* _Task requirements_
None of the images should appear in your copy. Transcribe the data in full.

* _Material for the task_
=== Begin Enclosure ===
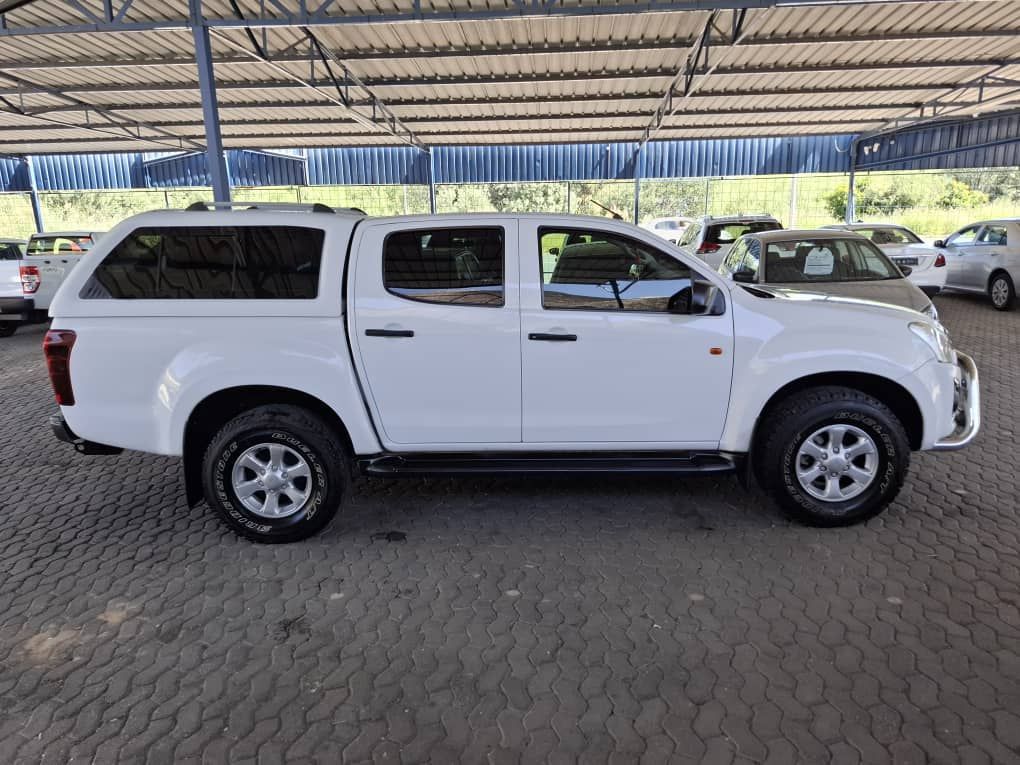 2018 Isuzu KB Series photo 1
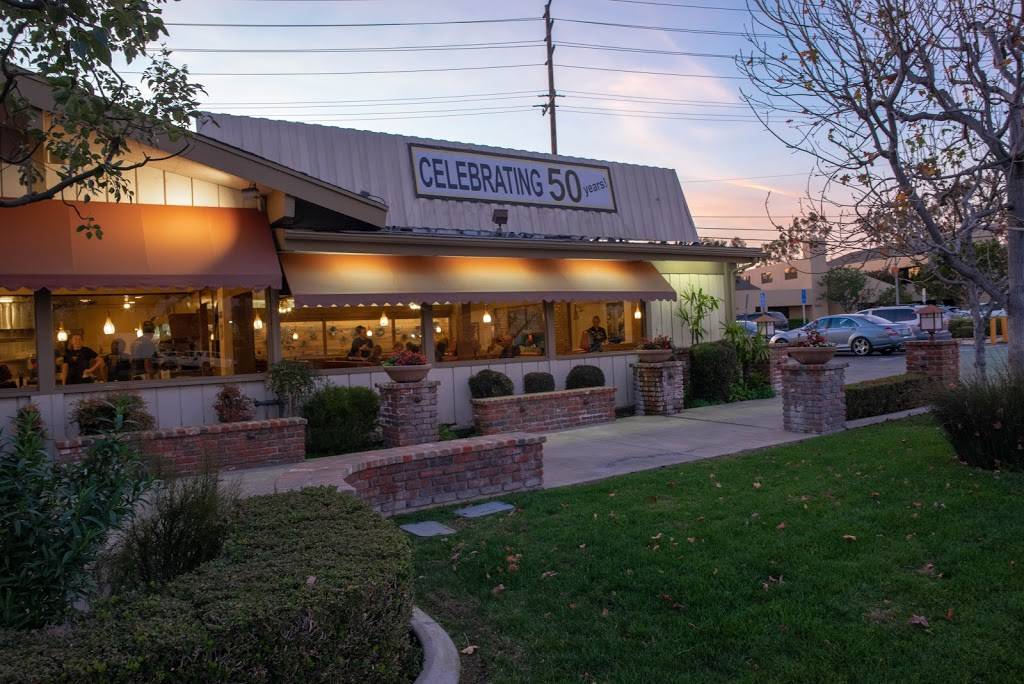 Avenue K Bar | restaurant | 1828 N Tustin Ave, Santa Ana, CA 92705, USA | 7145416263 OR +1 714-541-6263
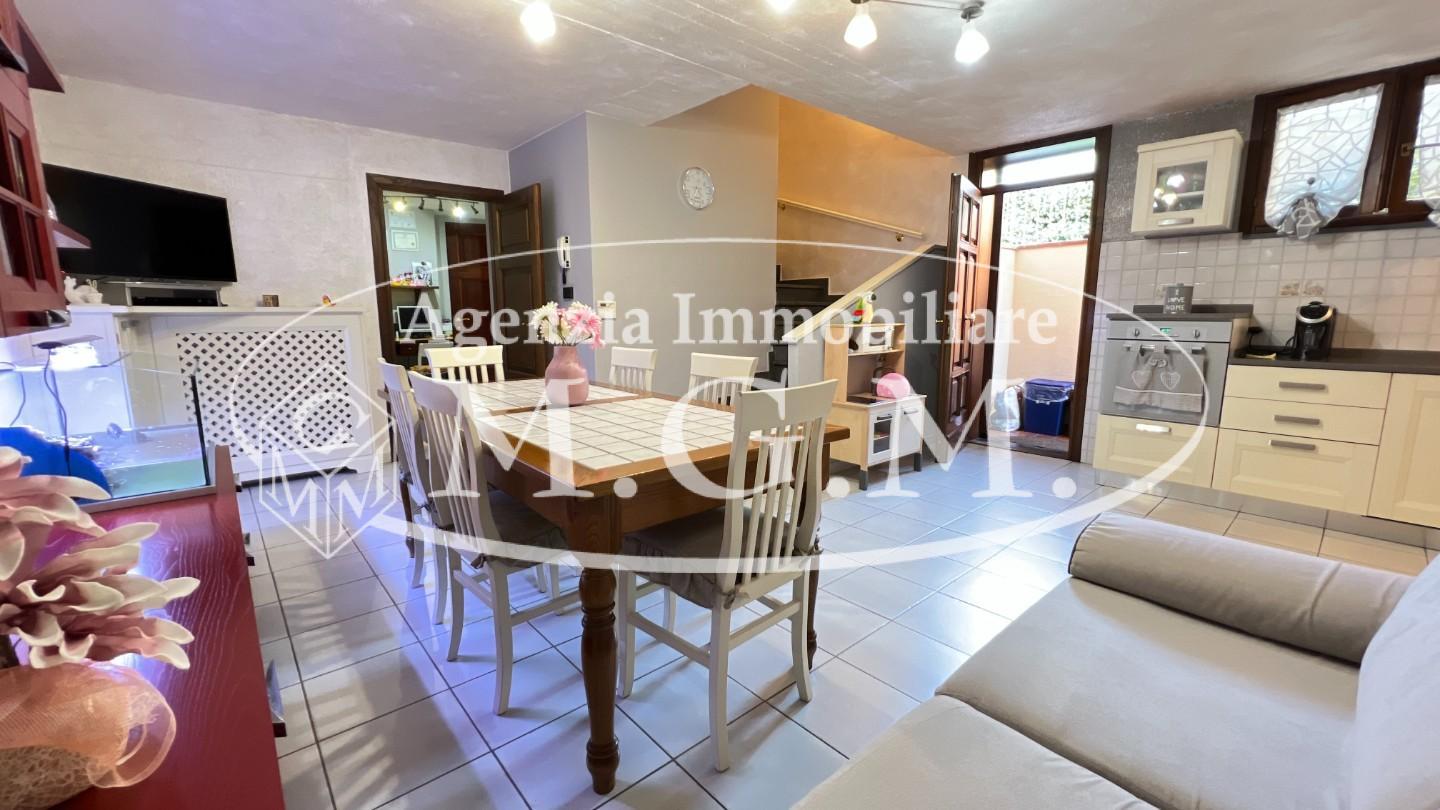 Immagine 37 di Villetta a schiera in vendita  a Santa Maria A Monte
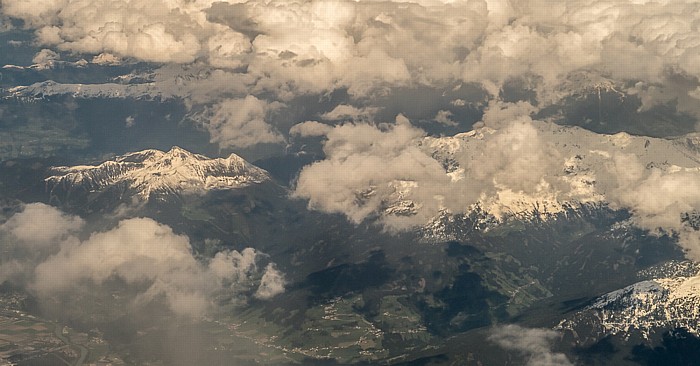 Alpen 2015-05-29 Flug EZY2555 Mailand-Malpensa (MXP/LIMC) - München Franz Josef Strauß (MUC/EDDM) Luftbild aerial photo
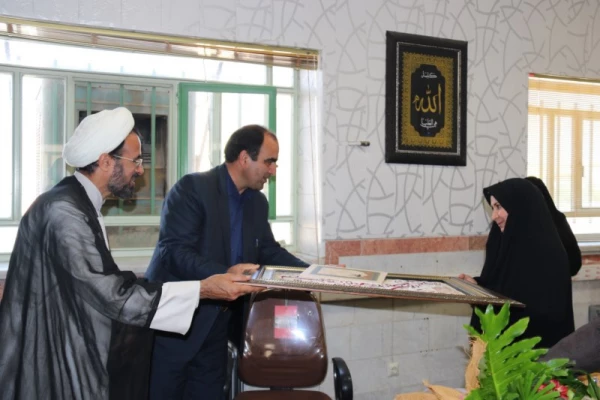 آیین تکریم و معارفه معاونان جدید و سابق پردیس فاطمه الزهرا(س) یزد 16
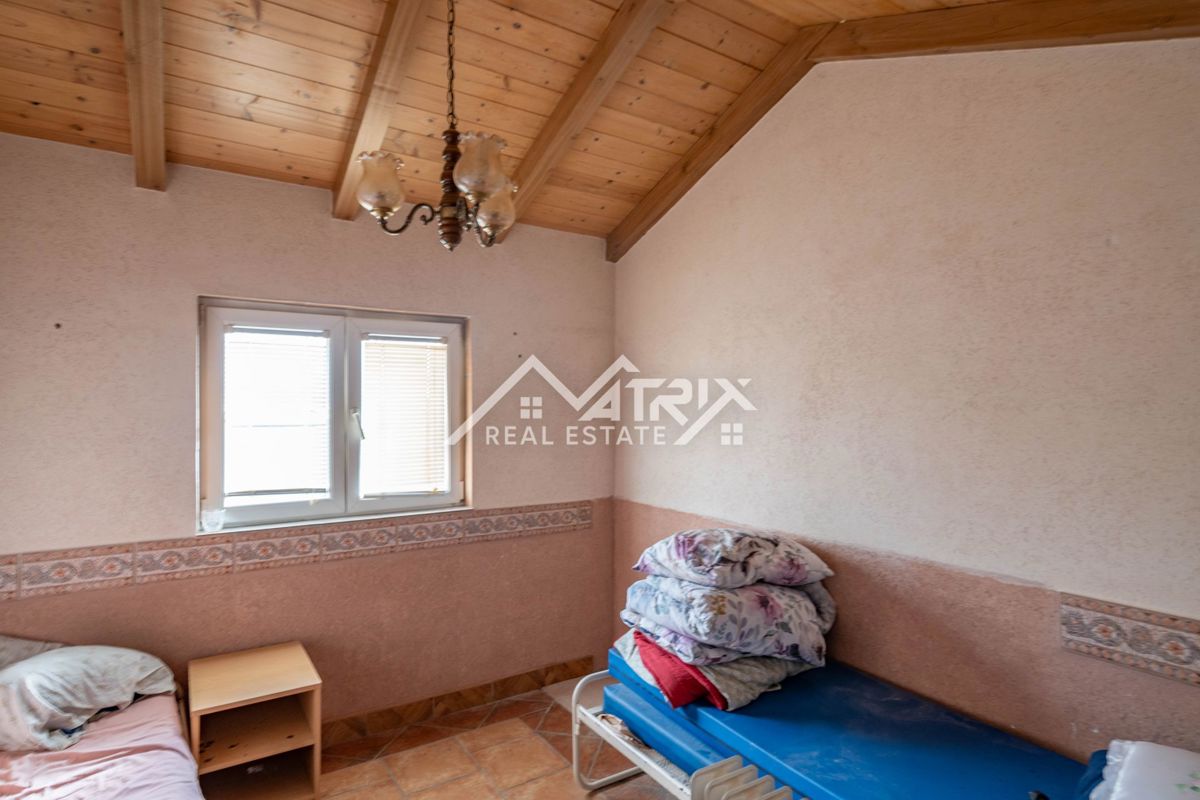 Poreč okolica, prostorno stanovanje v 1. nadstropju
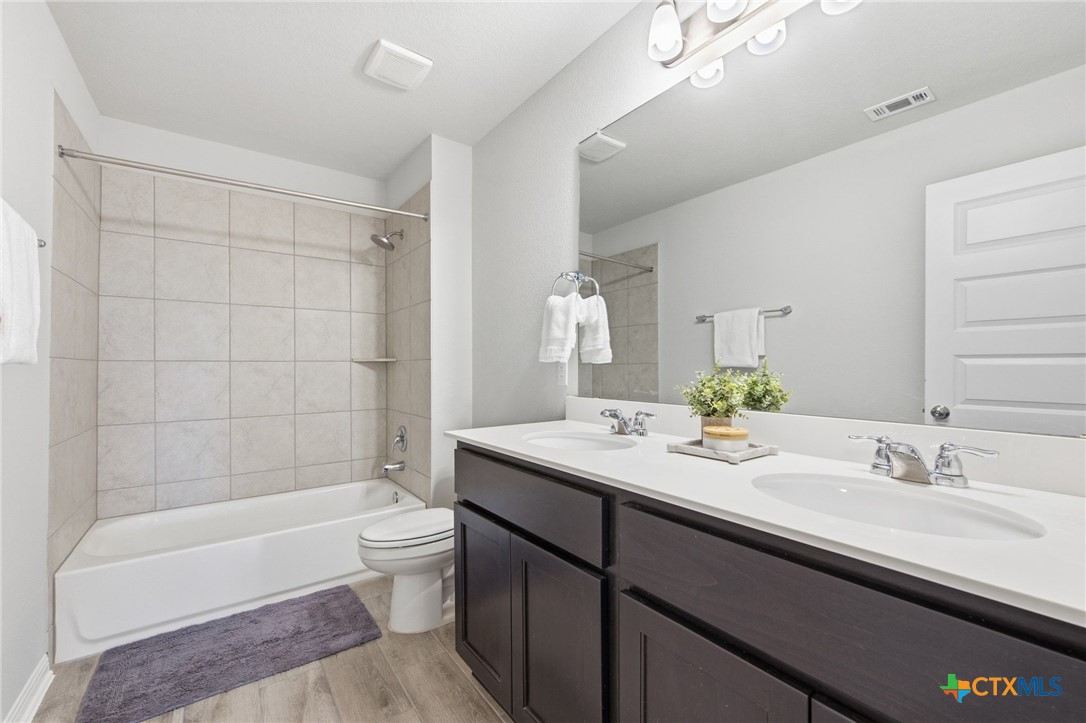 2211 Limestone Lake Drive 40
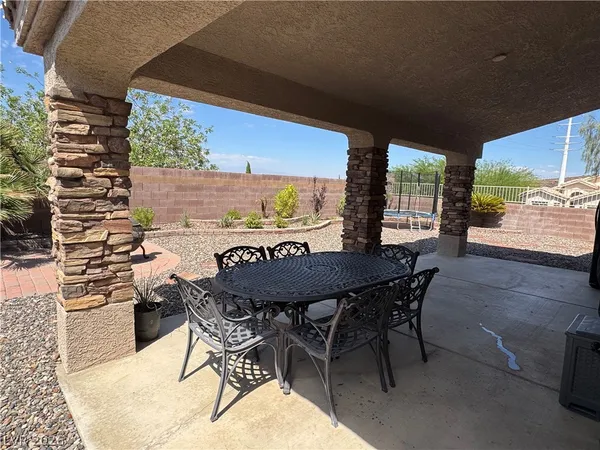 $549,000 | 1071 Snow Roof Avenue, Henderson, NV 89052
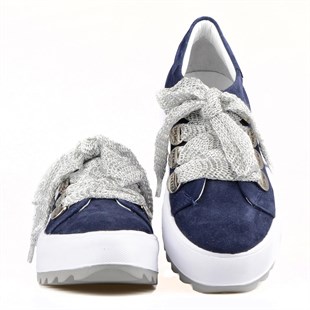 Bağcıklı Lacivert Süet Yüksek Taban Kadın Sneaker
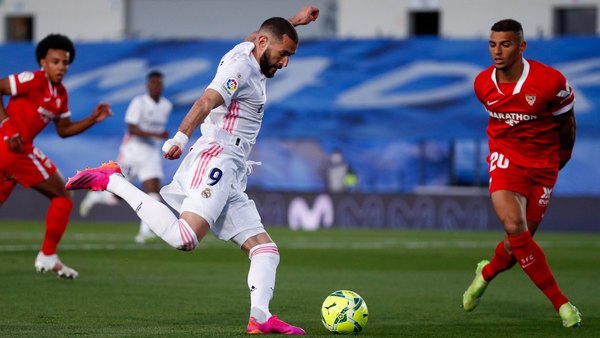 Real Madrid dejó escapar la chance de llegar a la cima, pero sigue en la lucha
=== End Enclosure ===
* _Response to this exercise_
 2018 Isuzu KB Series photo 1
 Avenue K Bar | restaurant | 1828 N Tustin Ave, Santa Ana, CA 92705, USA | 7145416263 OR +1 714-541-6263
 Immagine 37 di Villetta a schiera in vendita  a Santa Maria A Monte
 Alpen 2015-05-29 Flug EZY2555 Mailand-Malpensa (MXP/LIMC) - München Franz Josef Strauß (MUC/EDDM) Luftbild aerial photo
 آیین تکریم و معارفه معاونان جدید و سابق پردیس فاطمه الزهرا(س) یزد 16
 Poreč okolica, prostorno stanovanje v 1. nadstropju
 2211 Limestone Lake Drive 40
 $549,000 | 1071 Snow Roof Avenue, Henderson, NV 89052
 Bağcıklı Lacivert Süet Yüksek Taban Kadın Sneaker
 Real Madrid dejó escapar la chance de llegar a la cima, pero sigue en la lucha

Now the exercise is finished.